The player directly receiving the ball from center may only cross the line of scrimmage if they are five (5) or more yards from where the ball is snapped.
If the defensive team intercepts a pass and returns it past the 45-yard line, they are awarded a two-point score. The intercepting team will then begin their possession at the 40-yard line. If a team does not return the interception into the “safe-zone,” they still retain possession (starts 40-yard line). Penalties on interception returns will be enforced in the following manner:
- If an intercepting team returns an interception into the “safe-zone” but commits a penalty during a return, their two-point score will be nullified. The intercepting team maintains possession and will be penalized accordingly from the starting spot of their next possession (half the distance to the “safe-zone”).
- If a team intercepts a pass, does not return it for a score, and in the process commits a penalty, it will also be penalized half the distance.
- If in any instance the team throwing the interception commits a penalty, they will also be penalized according (5 or 10 yards- depending on infraction).

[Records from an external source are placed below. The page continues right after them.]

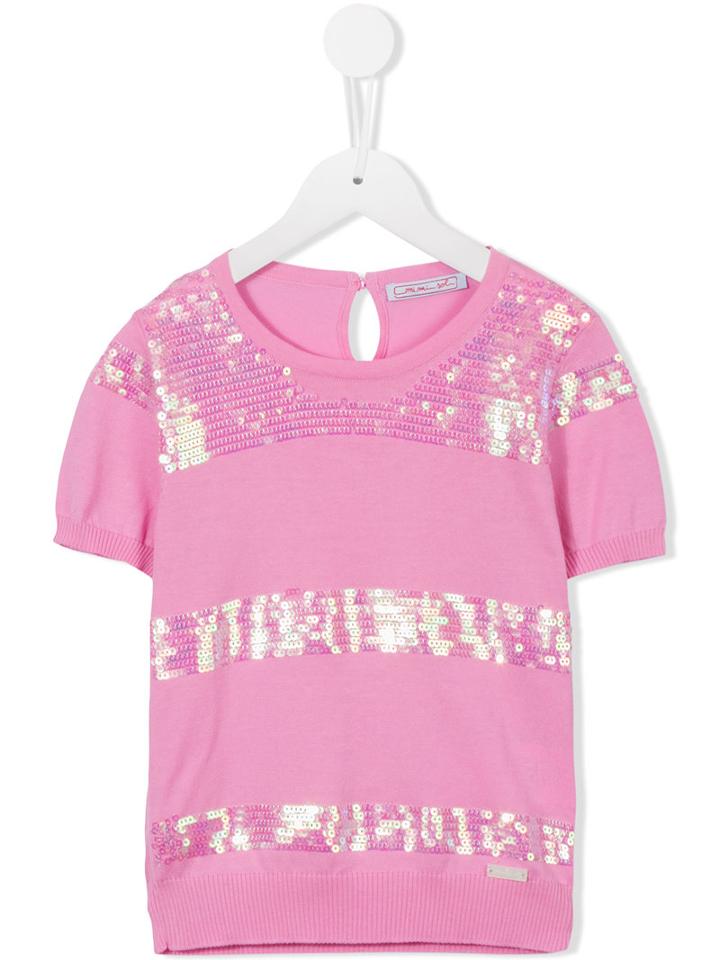 Mi Mi Sol Sequinned Knitted Top, Girl's, Size: 6 Yrs, Pink/purple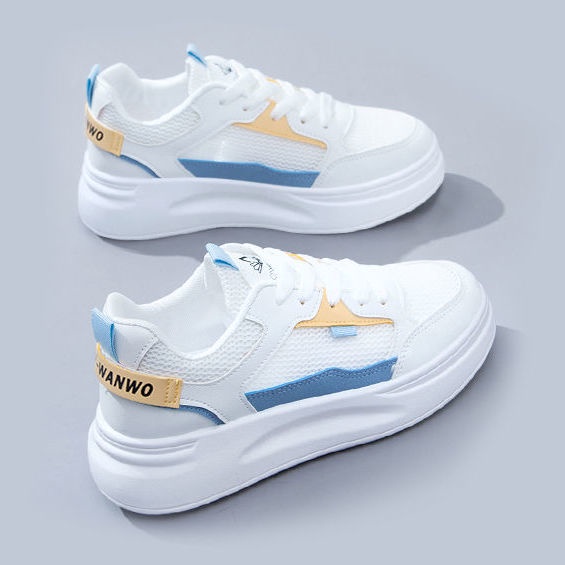 Giày thể thao phối lưới mỏng màu trắng thoáng khí năng động cho nữ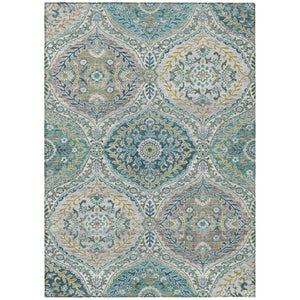 HomeRoots 5' Elegant Washable Area Rug in Teal and Fern Green Floral Design for Indoor & Outdoor Spaces 10' X 14' 628373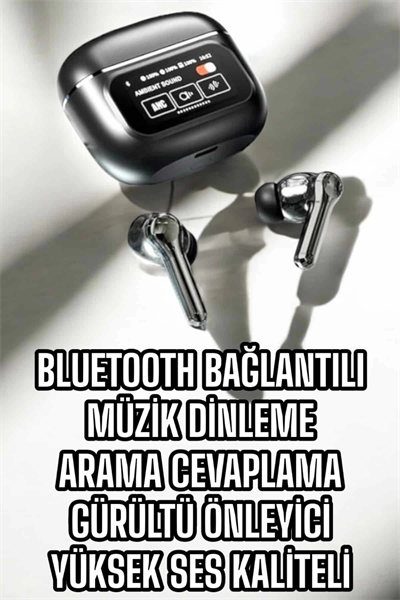Bluetooth Kulaklık Kablosuz Ekranlı ANC/ENC Destekli Dokunmatik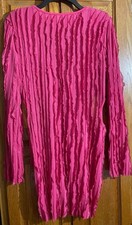 SHEIN Curve 0XL Hot Pink Ruffle Mesh Cutout Mini Dress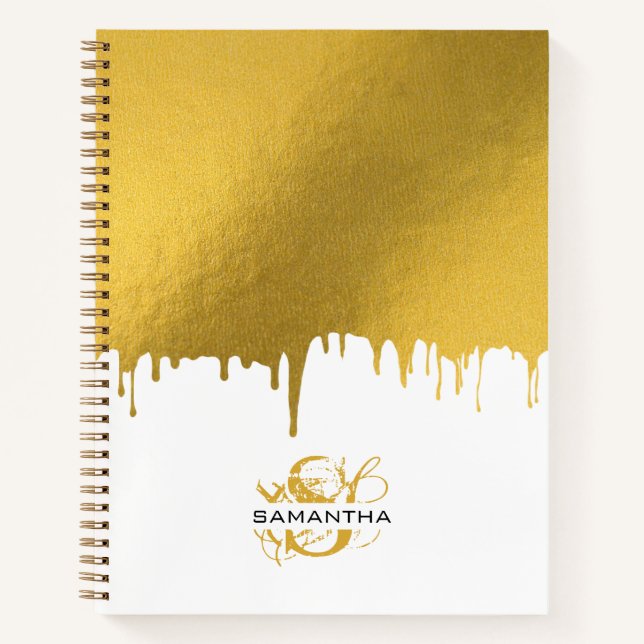 Cuaderno Monograma del guión de las gotas metálicas de oro  (Anverso)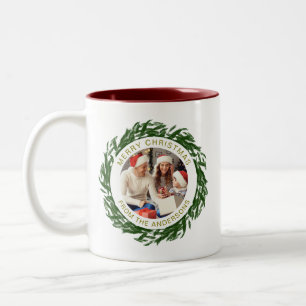 Simple Elegant Wreath Christmas Photo Family Name Two-Tone Coffee Mug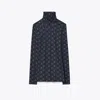 Tory Burch Turtleneck Long Sleeve Fitted Patterned Top In Blue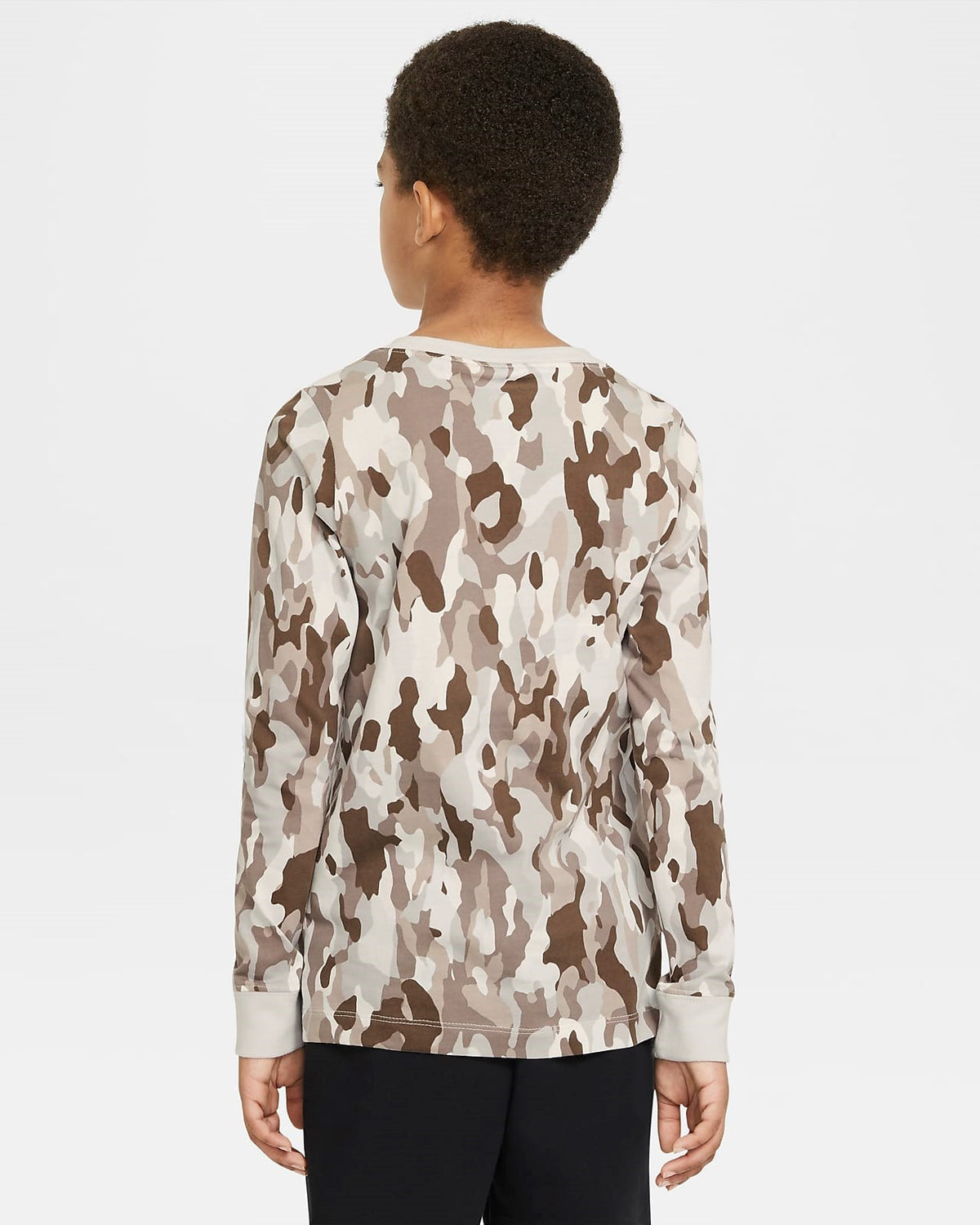 Nike Big Boys Cotton Camo-Print Long-Sleeve T-Shirt Brown Size Small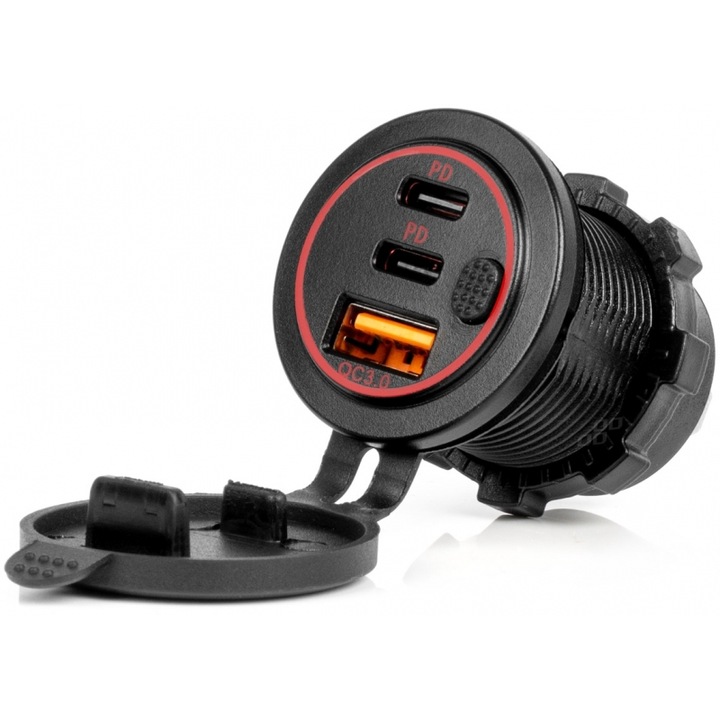 Priza auto Amio 3 Thyres USB+2xUSB-C 12/24V Quick Charge 3.0, neagra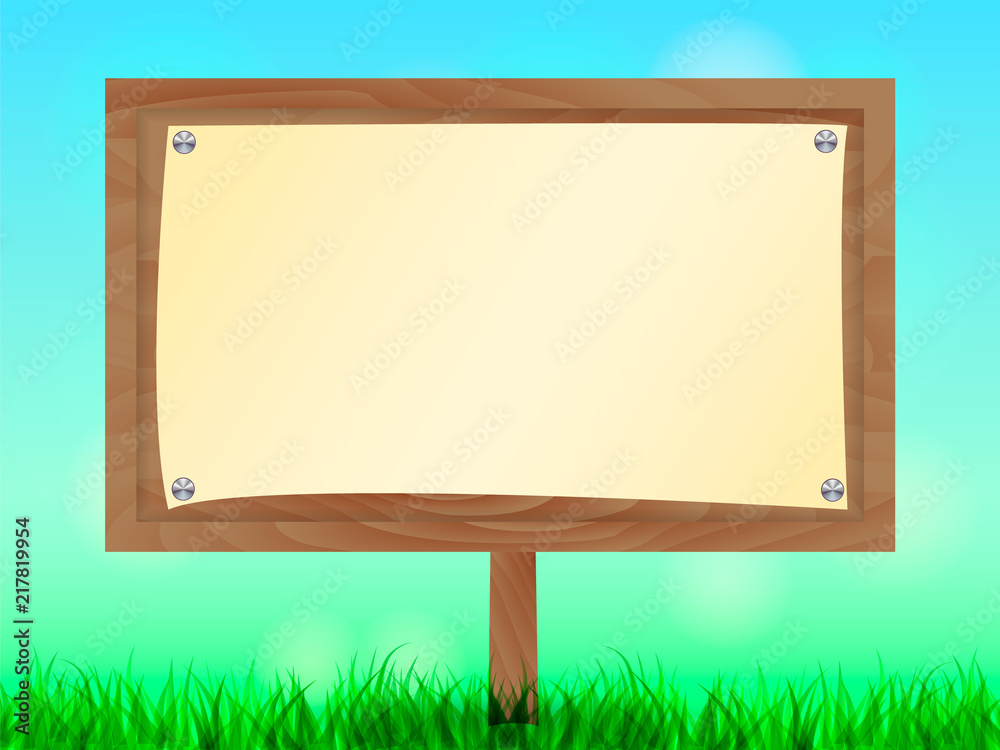 Green meadow. Wooden billboard. Space for text. Vector illustration Green meadow. Wooden billboard. Space for text. Vector illustration
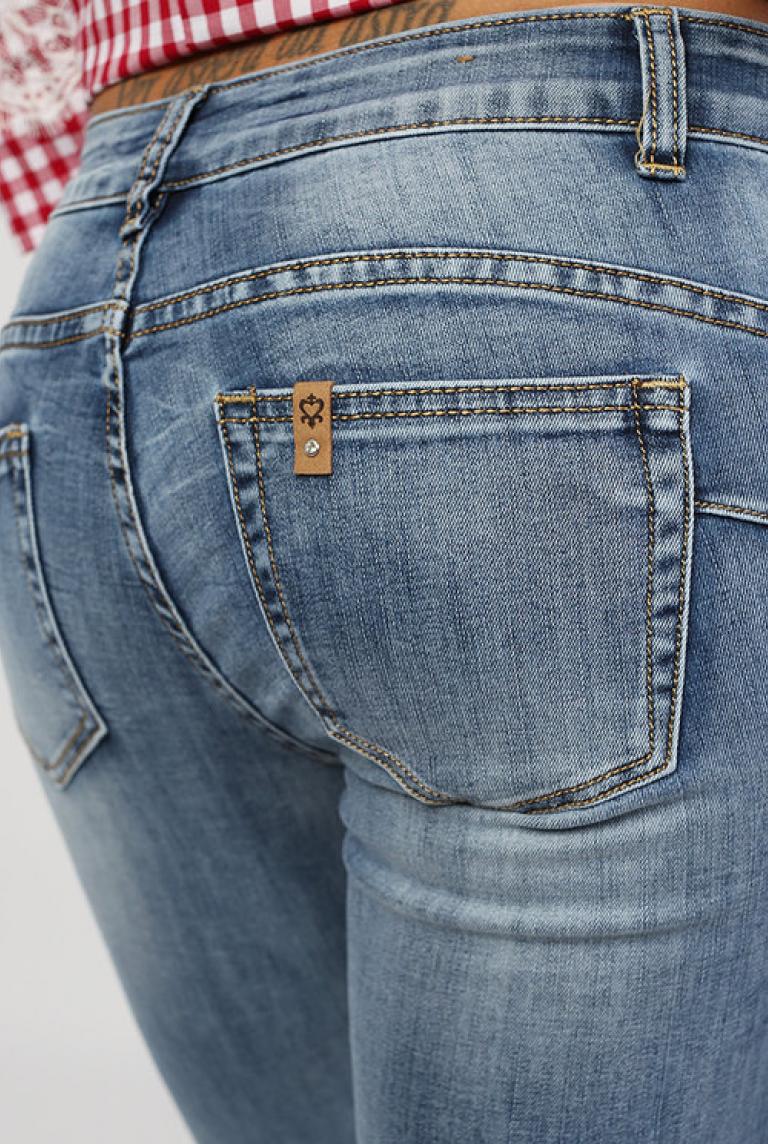 Облегающие потертые джинсы MISS BON BON
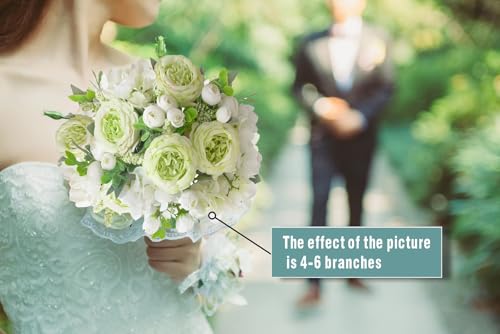 4 Bunches Peonies Artificial Flowers, Silk Peonies Flowers Fake Bouquet Faux Floral Arrangements for Centerpiece Table Wedding Party Home Decor (4, Green White) - color: Green White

- Scoring Plays and Touchbacks
A touchdown shall be worth six points.
Note: Interceptions of an attempted conversion may be returned. If returned to the end-zone, the intercepting team will be awarded two points.
Safety = Turnover: It is a safety (turnover) when any player in possession of the ball is downed in his or her safe-zone, or when a ball is fumbled or muffed in one’s own safe-zone.
Note: In the case of any foul for which the penalty is accepted, a measurement is from on or behind its (offensive team’s) goal line, it is a safety (e.g. intentional grounding).
- Conduct of Players and Others
Offensive Screen Blocking
The offensive screen block shall take place without contact. The screen blocker shall have his/her hands and arms at his/her side or behind his/her back. Any use of the hands, arms, elbows, legs or body to initiate contact during an offensive player’s screen block is illegal. A player must be on his/her feet before, during and after executing a screen block.
Teammates of a runner or passer may interfere for him/her by screen blocking but shall not use interlocked interference by grasping or encircling one another in any manner.
Use of Hands or Arms by the Defense
Defensive players must go around the offensive player’s screen block. The arms and hands may not be used as a wedge to contact the opponent. Screen blocks will be judged as legal or illegal similar to how blocks and charges are judged in Basketball.
- Guarding the Flag belt: Runners shall not flag guard by using their hands, shoulders, arms, or the ball to deny the opportunity for opponent to pull or remove the flag belt.
- Spinning: Spinning is allowed, however, two full steps must be taken between spins.
- A player on the ground cannot touch a ball carrier.
Loss of Flags
When a runner loses his/her flag belt accidentally, inadvertently or intentionally, play continues and the deflagging reverts to a one-hand tag between the shoulders and knees.
Taunting, in any way, is not allowed in IM Sports and is considered a dead ball penalty.